Essentially, both are mind-body forms of exercise, intended to cultivate greater awareness and connection between the body and mind: focus is on the “journey” to the end result with focus on the present moment and the movement itself rather than the outcome.
Yoga has been around for thousands and thousands of years whereas Pilates is a ‘newer’ form of exercise developed by Joseph H. Pilates and many of the exercises in Pilates were inspired by yoga. Although many of the postures, or asanas (in yoga), are the same a major difference is that in yoga poses are generally held for a longer time period; Pilates moving at a faster pace. Yoga uses breath to deepen a pose whereas Pilates is more likely to extend a pose as far as possible within a time frame using core awareness and resistance.
Both forms of exercise only really need a mat to tone, strengthen and stretch the muscles using mostly body weight as a resistance tool, however, Pilates also incorporates machines or apparatus.
Although there are many similarities, differences can also be highlighted. Yoga concentrates on strength and flexibility of the spine and limbs first whereas Pilates focuses on abdominal strength first and then overall strength and flexibility. In other words, in Pilates every moment emanates from the core and extends through the limbs (precision of movement with breath) whereas in yoga, concentration is on the breath first and then focus is on deepening of the pose (staying connected to the breath). Breathing patterns are also different between the two; because Pilates movements are done against resistance, with the abs pulled in and up to support the spine, breathing is concentrated in the rib cage so the chest, sides and back expand on inhalation but the waist does not. Yoga breathing allows the abdominal cavity to expand and is often called “belly breathing”

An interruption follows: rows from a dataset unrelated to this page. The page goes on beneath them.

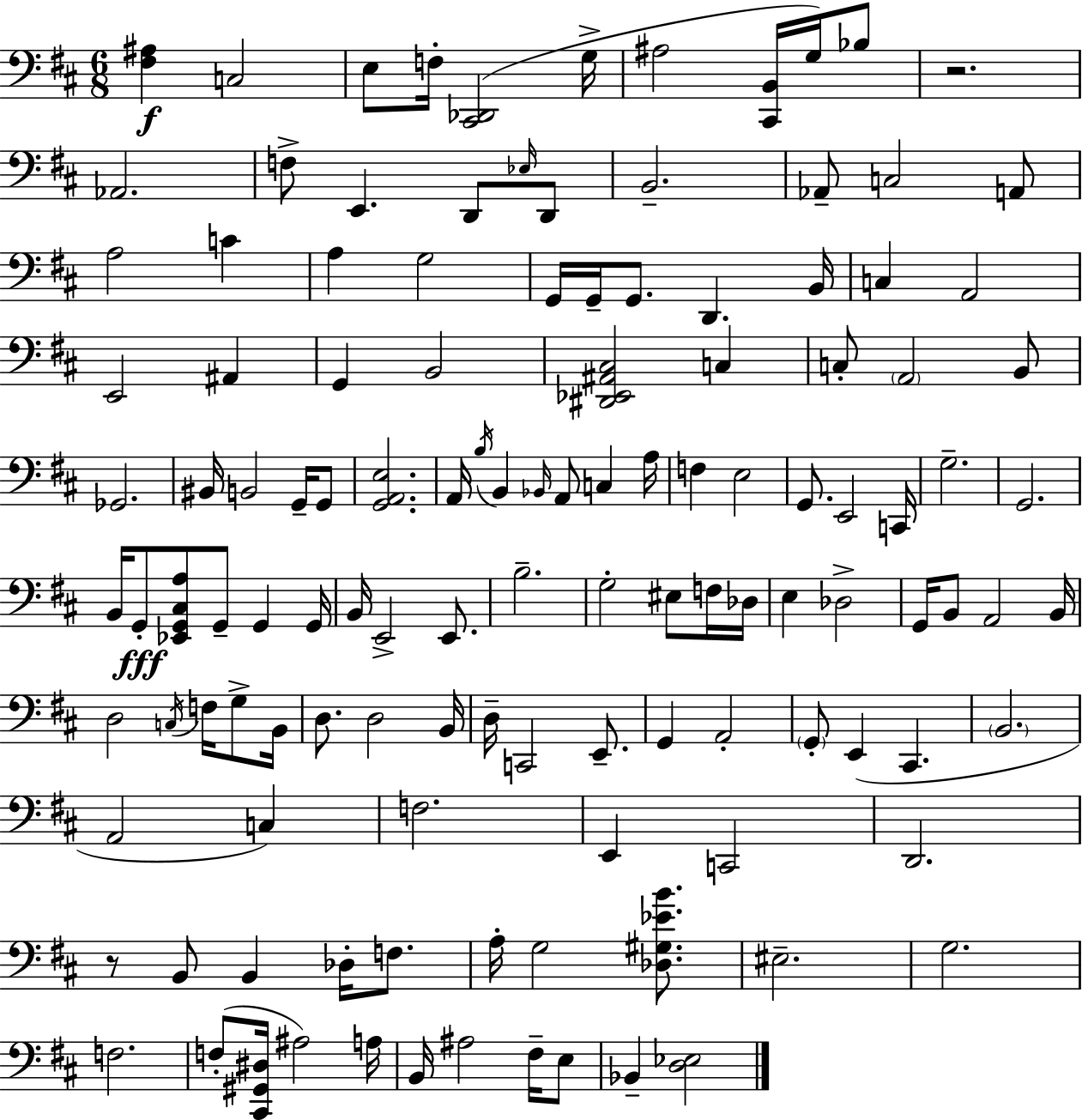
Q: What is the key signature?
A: D major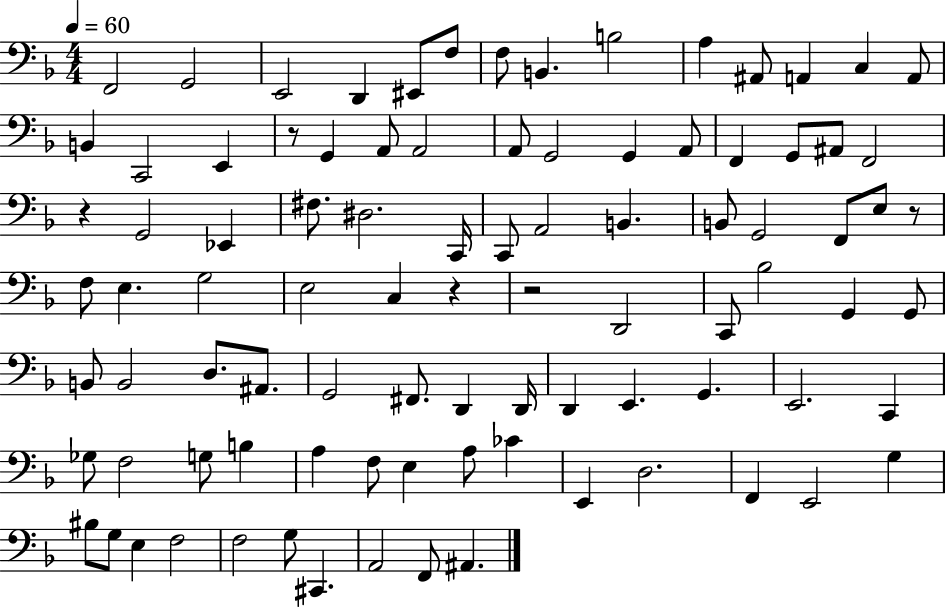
X:1
T:Untitled
M:4/4
L:1/4
K:F
F,,2 G,,2 E,,2 D,, ^E,,/2 F,/2 F,/2 B,, B,2 A, ^A,,/2 A,, C, A,,/2 B,, C,,2 E,, z/2 G,, A,,/2 A,,2 A,,/2 G,,2 G,, A,,/2 F,, G,,/2 ^A,,/2 F,,2 z G,,2 _E,, ^F,/2 ^D,2 C,,/4 C,,/2 A,,2 B,, B,,/2 G,,2 F,,/2 E,/2 z/2 F,/2 E, G,2 E,2 C, z z2 D,,2 C,,/2 _B,2 G,, G,,/2 B,,/2 B,,2 D,/2 ^A,,/2 G,,2 ^F,,/2 D,, D,,/4 D,, E,, G,, E,,2 C,, _G,/2 F,2 G,/2 B, A, F,/2 E, A,/2 _C E,, D,2 F,, E,,2 G, ^B,/2 G,/2 E, F,2 F,2 G,/2 ^C,, A,,2 F,,/2 ^A,,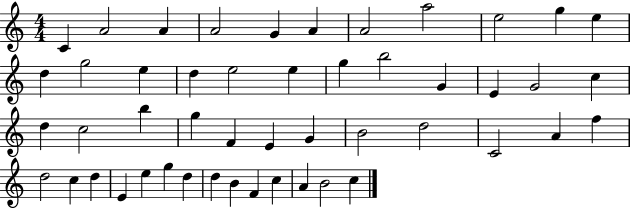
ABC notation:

X:1
T:Untitled
M:4/4
L:1/4
K:C
C A2 A A2 G A A2 a2 e2 g e d g2 e d e2 e g b2 G E G2 c d c2 b g F E G B2 d2 C2 A f d2 c d E e g d d B F c A B2 c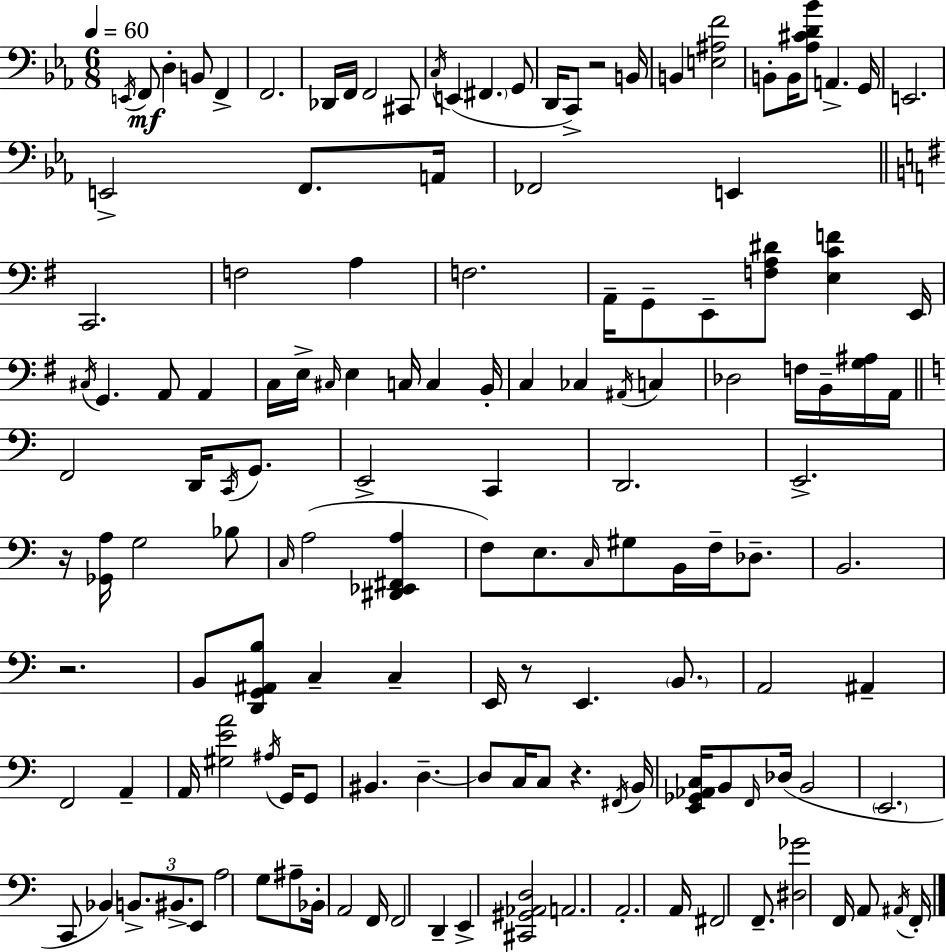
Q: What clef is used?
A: bass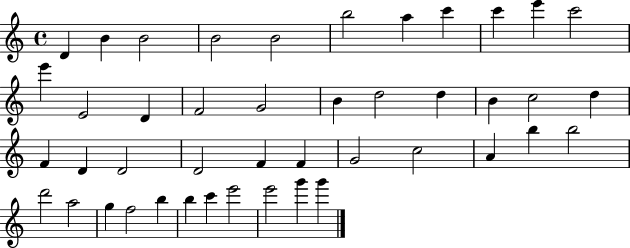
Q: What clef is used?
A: treble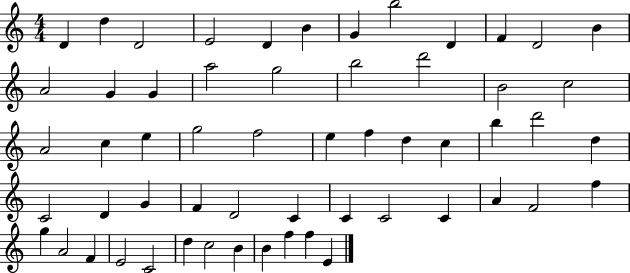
D4/q D5/q D4/h E4/h D4/q B4/q G4/q B5/h D4/q F4/q D4/h B4/q A4/h G4/q G4/q A5/h G5/h B5/h D6/h B4/h C5/h A4/h C5/q E5/q G5/h F5/h E5/q F5/q D5/q C5/q B5/q D6/h D5/q C4/h D4/q G4/q F4/q D4/h C4/q C4/q C4/h C4/q A4/q F4/h F5/q G5/q A4/h F4/q E4/h C4/h D5/q C5/h B4/q B4/q F5/q F5/q E4/q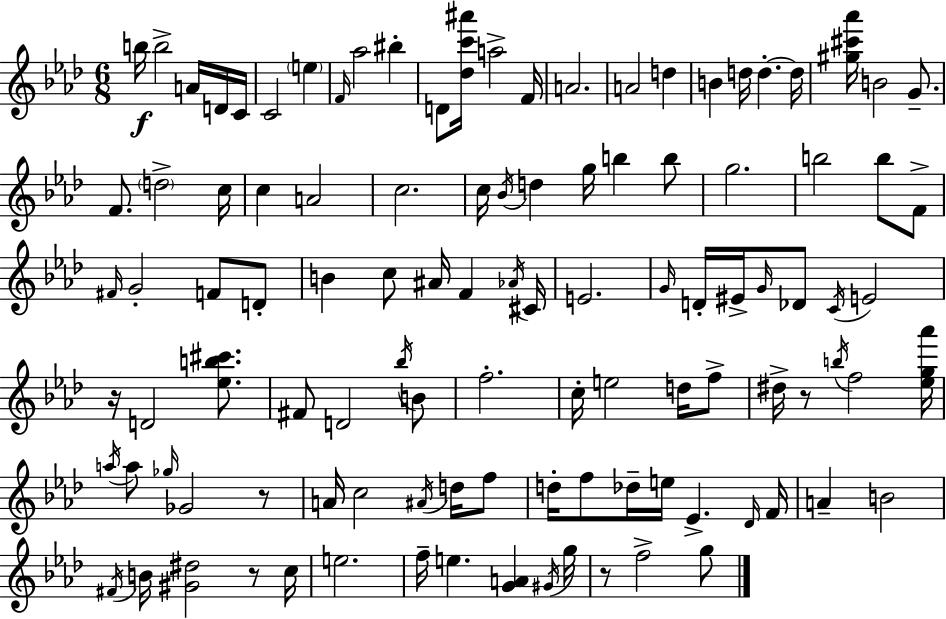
B5/s B5/h A4/s D4/s C4/s C4/h E5/q F4/s Ab5/h BIS5/q D4/e [Db5,C6,A#6]/s A5/h F4/s A4/h. A4/h D5/q B4/q D5/s D5/q. D5/s [G#5,C#6,Ab6]/s B4/h G4/e. F4/e. D5/h C5/s C5/q A4/h C5/h. C5/s Bb4/s D5/q G5/s B5/q B5/e G5/h. B5/h B5/e F4/e F#4/s G4/h F4/e D4/e B4/q C5/e A#4/s F4/q Ab4/s C#4/s E4/h. G4/s D4/s EIS4/s G4/s Db4/e C4/s E4/h R/s D4/h [Eb5,B5,C#6]/e. F#4/e D4/h Bb5/s B4/e F5/h. C5/s E5/h D5/s F5/e D#5/s R/e B5/s F5/h [Eb5,G5,Ab6]/s A5/s A5/e Gb5/s Gb4/h R/e A4/s C5/h A#4/s D5/s F5/e D5/s F5/e Db5/s E5/s Eb4/q. Db4/s F4/s A4/q B4/h F#4/s B4/s [G#4,D#5]/h R/e C5/s E5/h. F5/s E5/q. [G4,A4]/q G#4/s G5/s R/e F5/h G5/e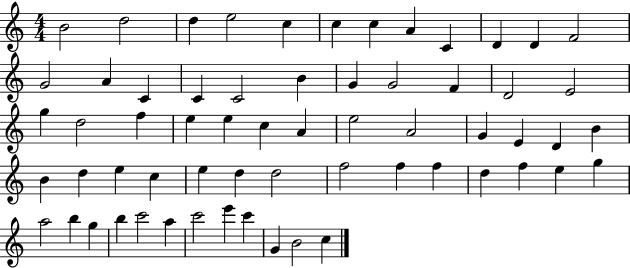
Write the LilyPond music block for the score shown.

{
  \clef treble
  \numericTimeSignature
  \time 4/4
  \key c \major
  b'2 d''2 | d''4 e''2 c''4 | c''4 c''4 a'4 c'4 | d'4 d'4 f'2 | \break g'2 a'4 c'4 | c'4 c'2 b'4 | g'4 g'2 f'4 | d'2 e'2 | \break g''4 d''2 f''4 | e''4 e''4 c''4 a'4 | e''2 a'2 | g'4 e'4 d'4 b'4 | \break b'4 d''4 e''4 c''4 | e''4 d''4 d''2 | f''2 f''4 f''4 | d''4 f''4 e''4 g''4 | \break a''2 b''4 g''4 | b''4 c'''2 a''4 | c'''2 e'''4 c'''4 | g'4 b'2 c''4 | \break \bar "|."
}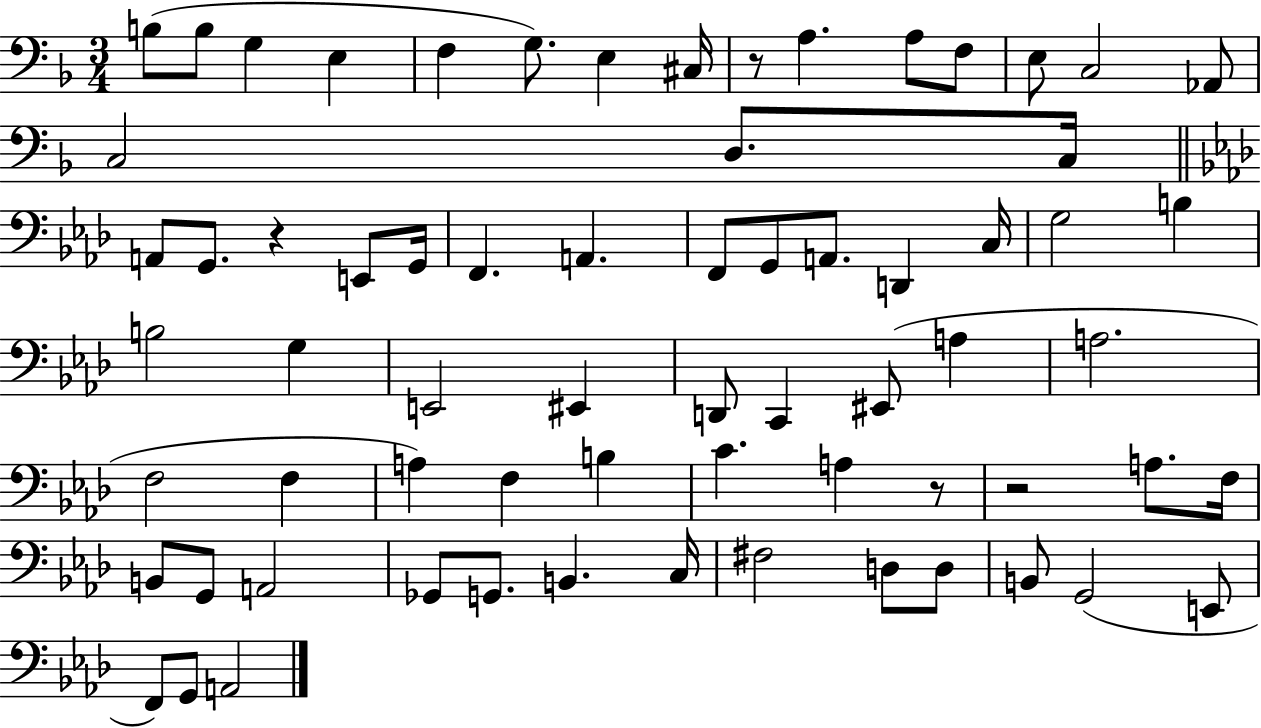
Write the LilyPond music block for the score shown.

{
  \clef bass
  \numericTimeSignature
  \time 3/4
  \key f \major
  b8( b8 g4 e4 | f4 g8.) e4 cis16 | r8 a4. a8 f8 | e8 c2 aes,8 | \break c2 d8. c16 | \bar "||" \break \key aes \major a,8 g,8. r4 e,8 g,16 | f,4. a,4. | f,8 g,8 a,8. d,4 c16 | g2 b4 | \break b2 g4 | e,2 eis,4 | d,8 c,4 eis,8( a4 | a2. | \break f2 f4 | a4) f4 b4 | c'4. a4 r8 | r2 a8. f16 | \break b,8 g,8 a,2 | ges,8 g,8. b,4. c16 | fis2 d8 d8 | b,8 g,2( e,8 | \break f,8) g,8 a,2 | \bar "|."
}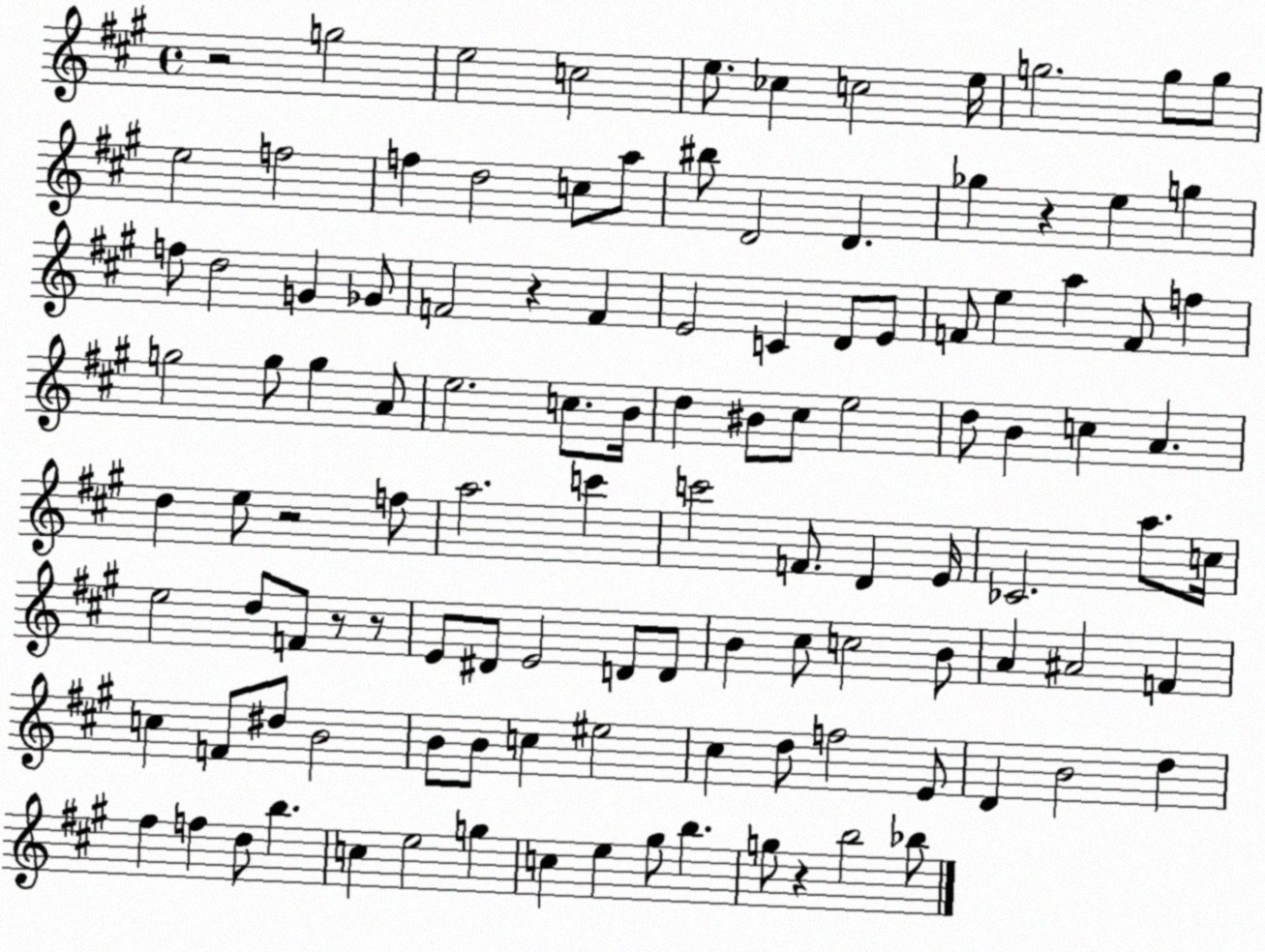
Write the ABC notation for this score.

X:1
T:Untitled
M:4/4
L:1/4
K:A
z2 g2 e2 c2 e/2 _c c2 e/4 g2 g/2 g/2 e2 f2 f d2 c/2 a/2 ^b/2 D2 D _g z e g f/2 d2 G _G/2 F2 z F E2 C D/2 E/2 F/2 e a F/2 f g2 g/2 g A/2 e2 c/2 B/4 d ^B/2 ^c/2 e2 d/2 B c A d e/2 z2 f/2 a2 c' c'2 F/2 D E/4 _C2 a/2 c/4 e2 d/2 F/2 z/2 z/2 E/2 ^D/2 E2 D/2 D/2 B ^c/2 c2 B/2 A ^A2 F c F/2 ^d/2 B2 B/2 B/2 c ^e2 ^c d/2 f2 E/2 D B2 d ^f f d/2 b c e2 g c e ^g/2 b g/2 z b2 _b/2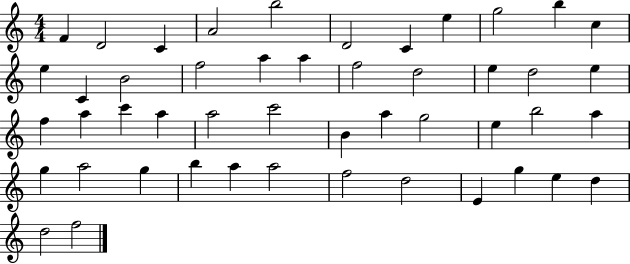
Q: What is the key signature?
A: C major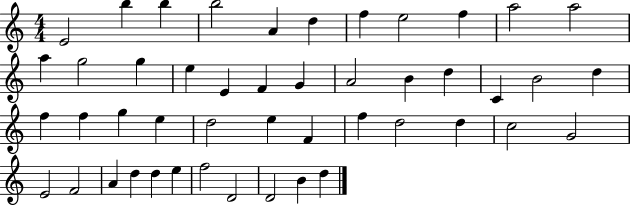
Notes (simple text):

E4/h B5/q B5/q B5/h A4/q D5/q F5/q E5/h F5/q A5/h A5/h A5/q G5/h G5/q E5/q E4/q F4/q G4/q A4/h B4/q D5/q C4/q B4/h D5/q F5/q F5/q G5/q E5/q D5/h E5/q F4/q F5/q D5/h D5/q C5/h G4/h E4/h F4/h A4/q D5/q D5/q E5/q F5/h D4/h D4/h B4/q D5/q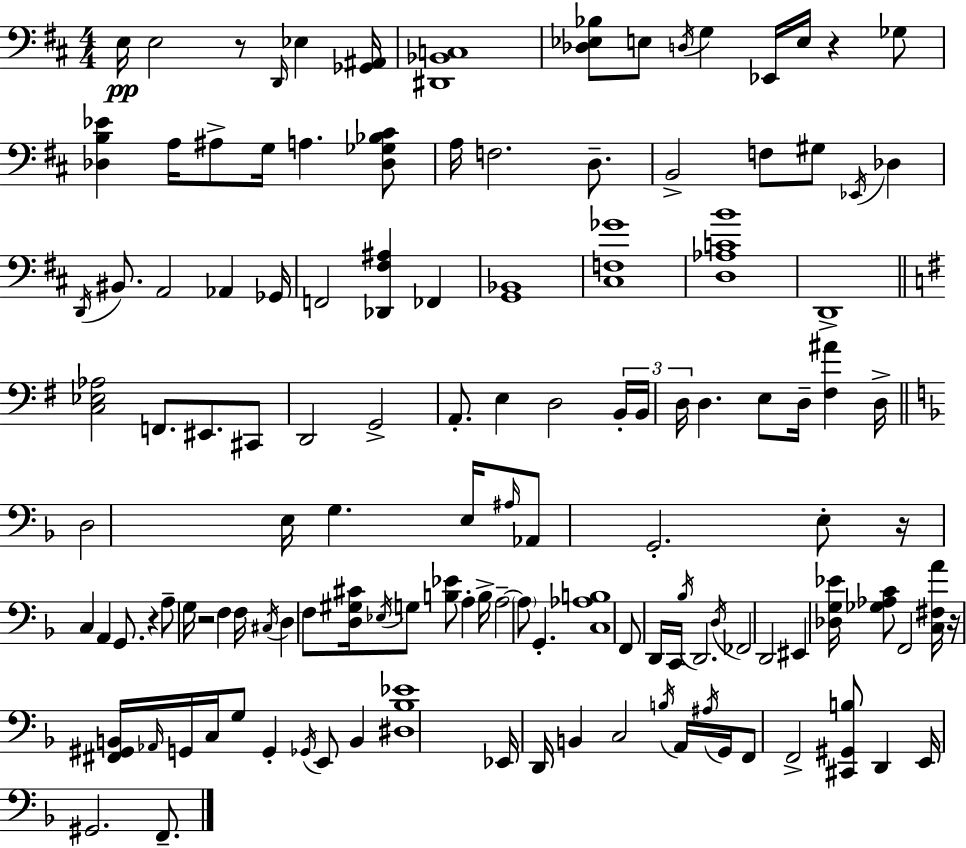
X:1
T:Untitled
M:4/4
L:1/4
K:D
E,/4 E,2 z/2 D,,/4 _E, [_G,,^A,,]/4 [^D,,_B,,C,]4 [_D,_E,_B,]/2 E,/2 D,/4 G, _E,,/4 E,/4 z _G,/2 [_D,B,_E] A,/4 ^A,/2 G,/4 A, [_D,_G,_B,^C]/2 A,/4 F,2 D,/2 B,,2 F,/2 ^G,/2 _E,,/4 _D, D,,/4 ^B,,/2 A,,2 _A,, _G,,/4 F,,2 [_D,,^F,^A,] _F,, [G,,_B,,]4 [^C,F,_G]4 [D,_A,CB]4 D,,4 [C,_E,_A,]2 F,,/2 ^E,,/2 ^C,,/2 D,,2 G,,2 A,,/2 E, D,2 B,,/4 B,,/4 D,/4 D, E,/2 D,/4 [^F,^A] D,/4 D,2 E,/4 G, E,/4 ^A,/4 _A,,/2 G,,2 E,/2 z/4 C, A,, G,,/2 z A,/2 G,/4 z2 F, F,/4 ^C,/4 D, F,/2 [D,^G,^C]/4 _E,/4 G,/2 [B,_E]/2 A, B,/4 A,2 A,/2 G,, [C,_A,B,]4 F,,/2 D,,/4 C,,/4 _B,/4 D,,2 D,/4 _F,,2 D,,2 ^E,, [_D,G,_E]/4 [_G,_A,C]/2 F,,2 [C,^F,A]/4 z/4 [^F,,^G,,B,,]/4 _A,,/4 G,,/4 C,/4 G,/2 G,, _G,,/4 E,,/2 B,, [^D,_B,_E]4 _E,,/4 D,,/4 B,, C,2 B,/4 A,,/4 ^A,/4 G,,/4 F,,/2 F,,2 [^C,,^G,,B,]/2 D,, E,,/4 ^G,,2 F,,/2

Most of the exercises in Pilates are performed lying down, either prone (on the stomach), supine (on the back), or side-lying. These movements aim to defy gravity the entire time, engaging the abdominal center in order to lift up from the ground to lengthen muscles. In yoga, most of the poses are done standing, and work with gravity by rooting down into the earth in order to lengthen the body away from the floor (with the exception of arm balances and inversions where one tries to defy gravity). Note that in yoga, there are a number of poses done on the floor as well, such as seated forward bends, twists, bow pose, and plow, and in Pilates, there is also standing series, such as the sculpting series or exercises that integrate the magic circle prop.
Whether you take yoga or Pilates lessons depends entirely on you. Both mind-body practices are greaat forms of strength training that build long, lean muscles and you should try both to decide which form you prefer.
Also, bear in mind that yoga is rooted in a spiritual, meditative practice – if the idea of chanting, finding your spiritual centre or aligning your chakras does not sound like something that you would enjoy – there are plenty of different types of yoga to try out or, of course, Pilates.